- _REQUIRED WORK_: Leaving out the images, please reproduce each line below exactly.

- _TASK MATERIAL_:
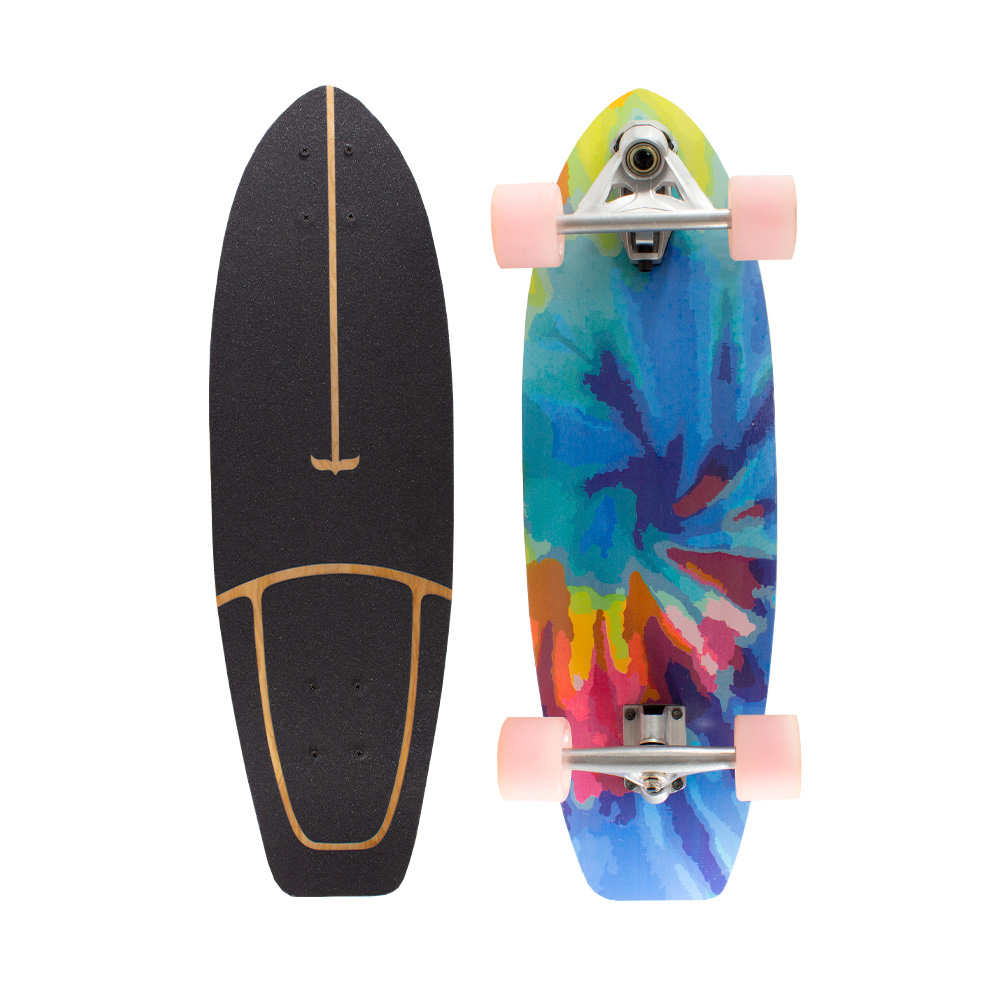 Patineta Semiprofesional Cruiser Surf Madera 75 Cm Con Llave Diseño Psicodelico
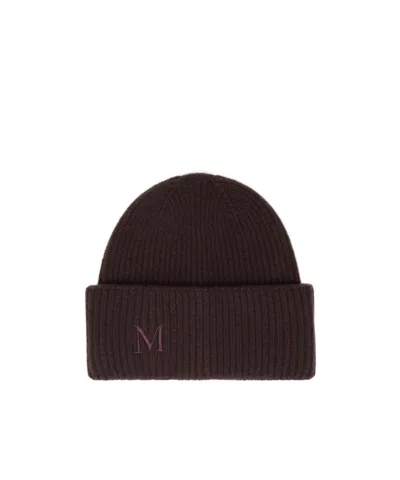 Max Mara Ribbed Cashmere Beanie In Brown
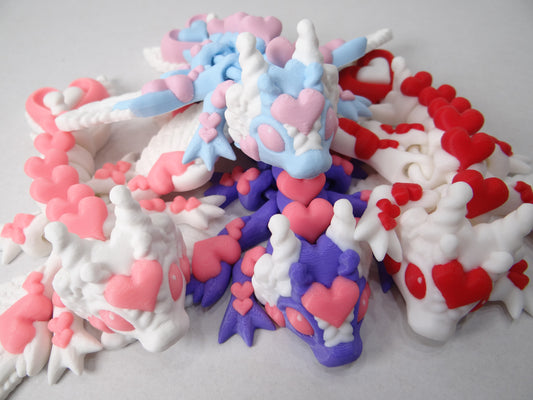3D Printed Articulating Baby Heart Dragon – Poseable 6" Fantasy Figurine | Glow in the Dark Collectible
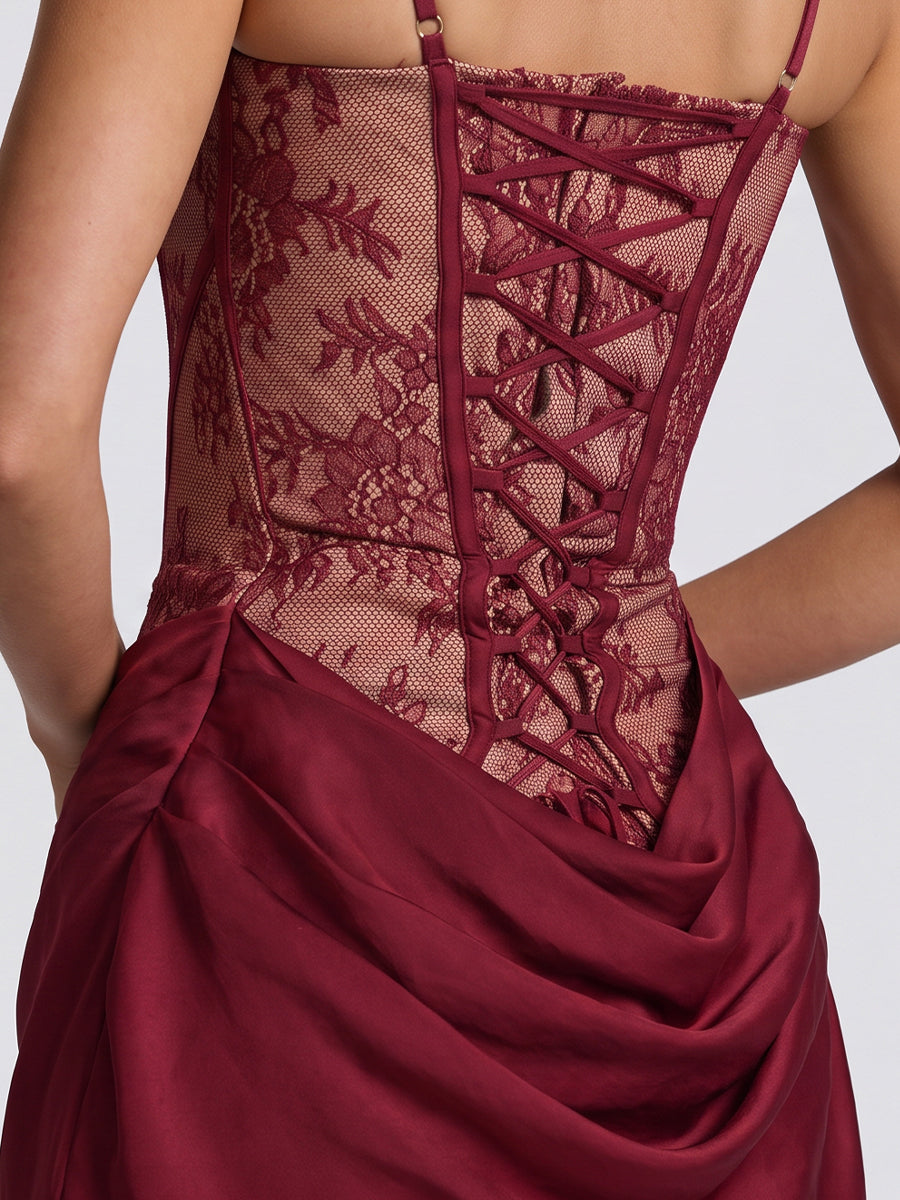 Burgundy Square Neck Corset Ruched Bodycon Floral Lace Satin Mini Party Dresses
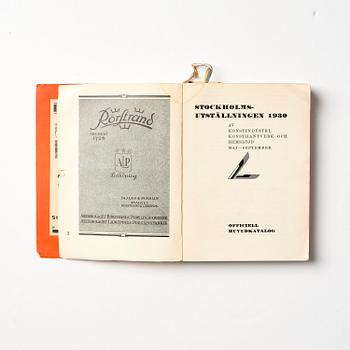 Stockholm Exhibition 1930, catalogue and brochures, three pieces, provenance Gunnar Asplund.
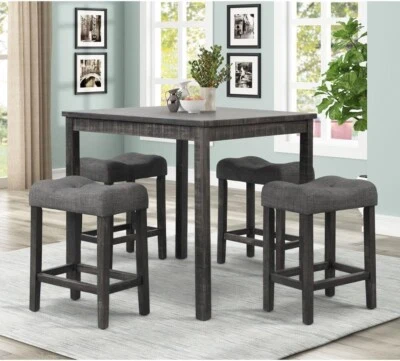 Transitional 5 Pc Counter Dining Set, Wood Dining Table w/ Tufted Counter Stool - Image 1 of 4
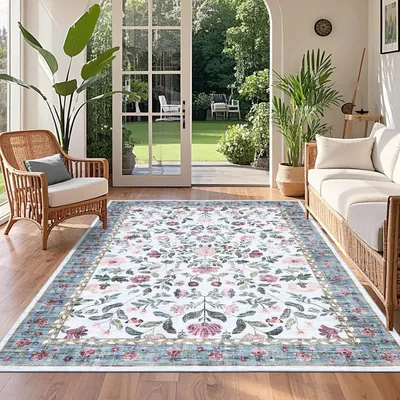 Obrázok produktu pre Prateľný koberec, 120 x 170 cm, svetlomodrá farba, kvetinový vzor, protišmykový, mäkký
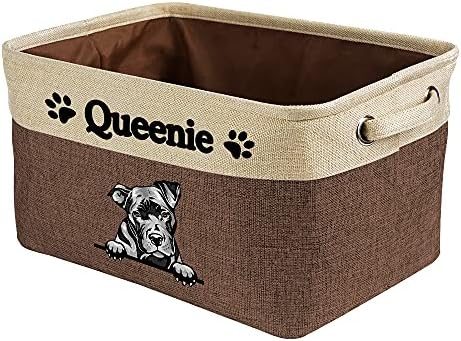 Personalized Fabric Dog Toy Storage Basket with Lovely Dog Pit Bull Collapsible Sturdy Fabric Pet Toys Storage Bin Cube with Handles for Organizing, Brown and White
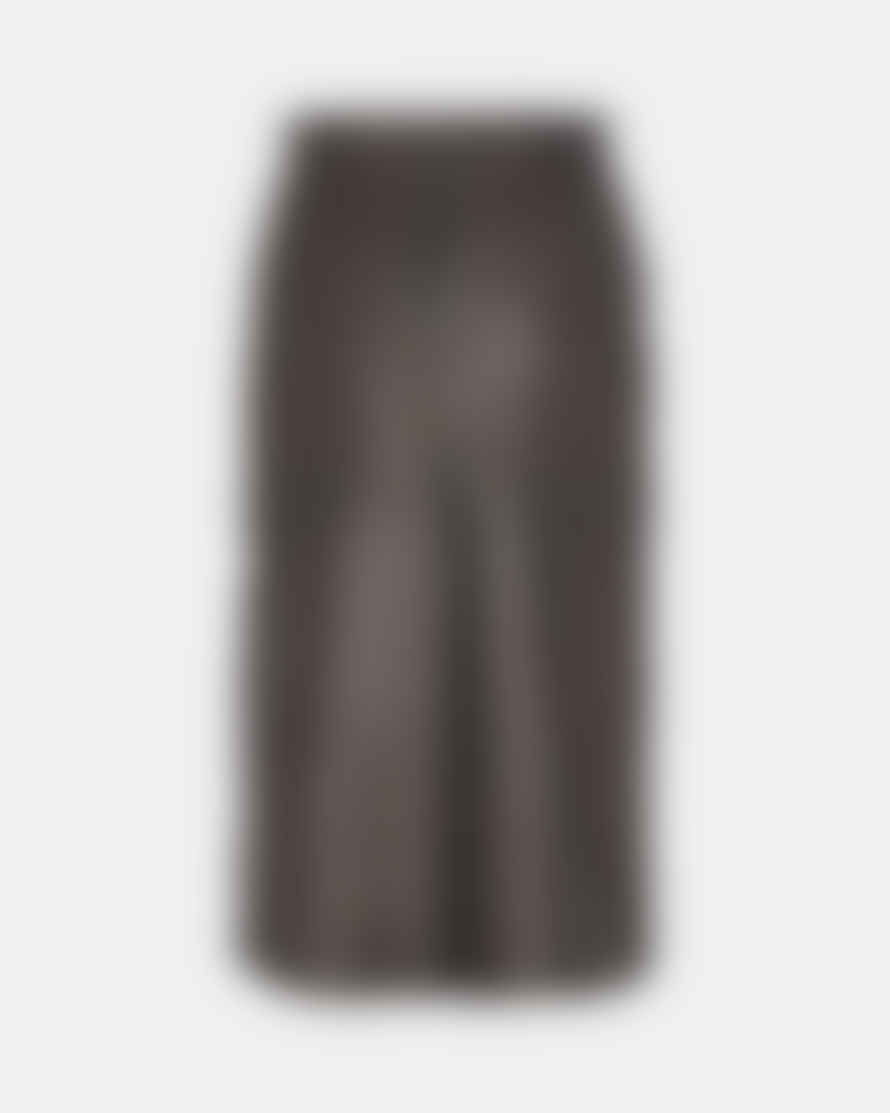 SOFIE SCHNOOR Leather Midi Skirt - Black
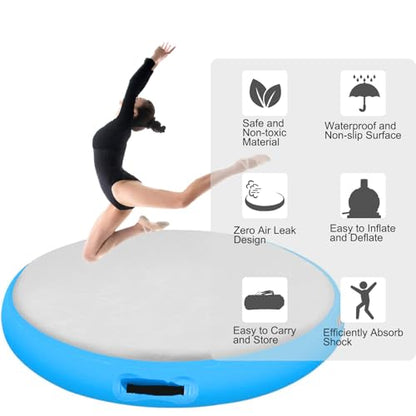 Inflatable Gymnastic Air Spot Mat Tumbling Exercise Yoga Training Mat With Pump, Inflatable Round Springboard Air Roller Gym Floor Track For Home Use/Cheerleading/Water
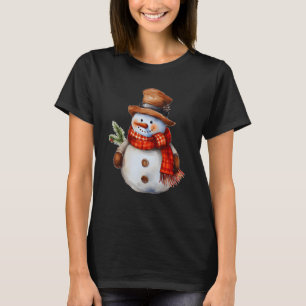 Snowman mit Carrot Nose Red Schachbrett Scarf Wint T-Shirt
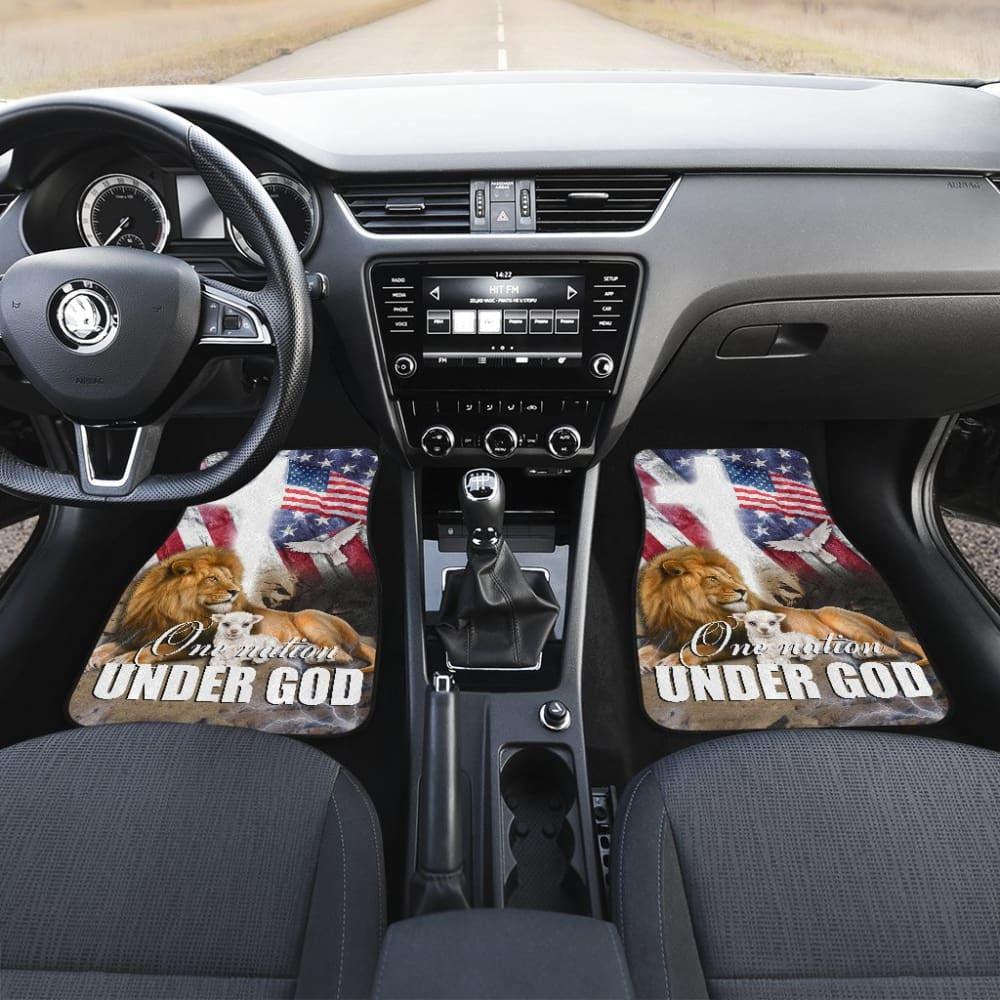 One Nation Under God Pledge of Allegiance USA Patriot Pride American Flag Car Floor Mats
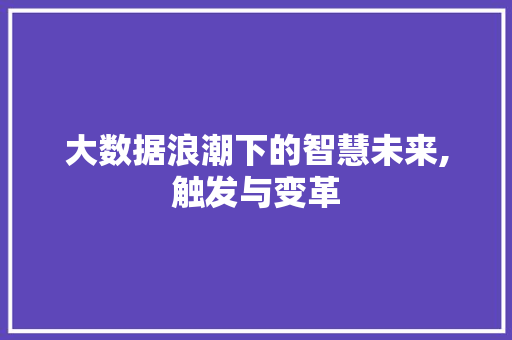 大数据浪潮下的智慧未来,触发与变革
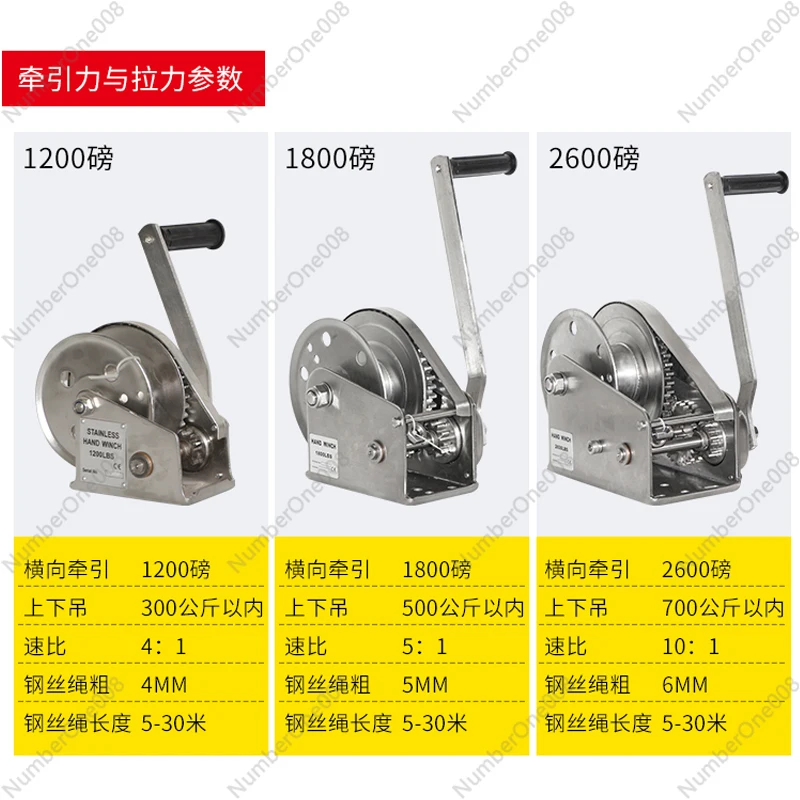 กว้านมือ  วินช์สแตนเลสแบบล็อคตัวเองสองทาง  วินช์แบบใช้มือ  รอกยกและรอกดึง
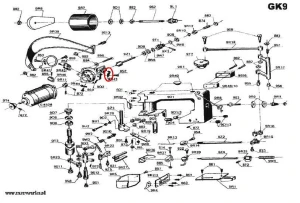 Mocowanie przewodu od przełącznika 9D1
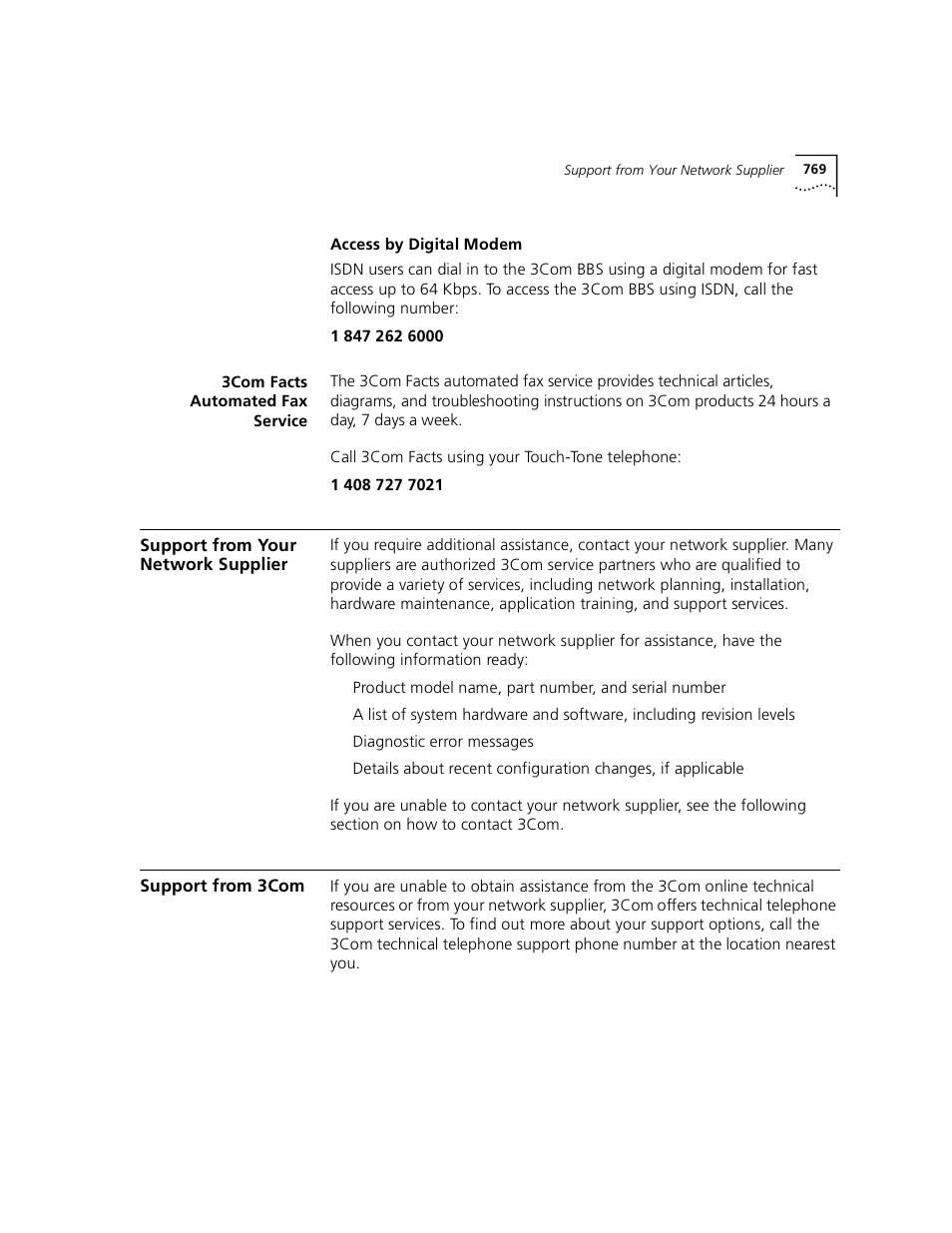 3com facts automated fax service, Support from your network supplier, Support from 3com | 3Com 3500 User Manual | Page 769 / 784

- _YOUR SOLUTION_:
 Patineta Semiprofesional Cruiser Surf Madera 75 Cm Con Llave Diseño Psicodelico
 Max Mara Ribbed Cashmere Beanie In Brown
3D Printed Articulating Baby Heart Dragon – Poseable 6" Fantasy Figurine | Glow in the Dark Collectible
 Burgundy Square Neck Corset Ruched Bodycon Floral Lace Satin Mini Party Dresses
 Stockholm Exhibition 1930, catalogue and brochures, three pieces, provenance Gunnar Asplund.
 Transitional 5 Pc Counter Dining Set, Wood Dining Table w/ Tufted Counter Stool - Image 1 of 4
 Obrázok produktu pre Prateľný koberec, 120 x 170 cm, svetlomodrá farba, kvetinový vzor, protišmykový, mäkký
 Personalized Fabric Dog Toy Storage Basket with Lovely Dog Pit Bull Collapsible Sturdy Fabric Pet Toys Storage Bin Cube with Handles for Organizing, Brown and White
 SOFIE SCHNOOR Leather Midi Skirt - Black
 Inflatable Gymnastic Air Spot Mat Tumbling Exercise Yoga Training Mat With Pump, Inflatable Round Springboard Air Roller Gym Floor Track For Home Use/Cheerleading/Water
 Snowman mit Carrot Nose Red Schachbrett Scarf Wint T-Shirt
 One Nation Under God Pledge of Allegiance USA Patriot Pride American Flag Car Floor Mats
 大数据浪潮下的智慧未来,触发与变革
 กว้านมือ  วินช์สแตนเลสแบบล็อคตัวเองสองทาง  วินช์แบบใช้มือ  รอกยกและรอกดึง
 Mocowanie przewodu od przełącznika 9D1
 3com facts automated fax service, Support from your network supplier, Support from 3com | 3Com 3500 User Manual | Page 769 / 784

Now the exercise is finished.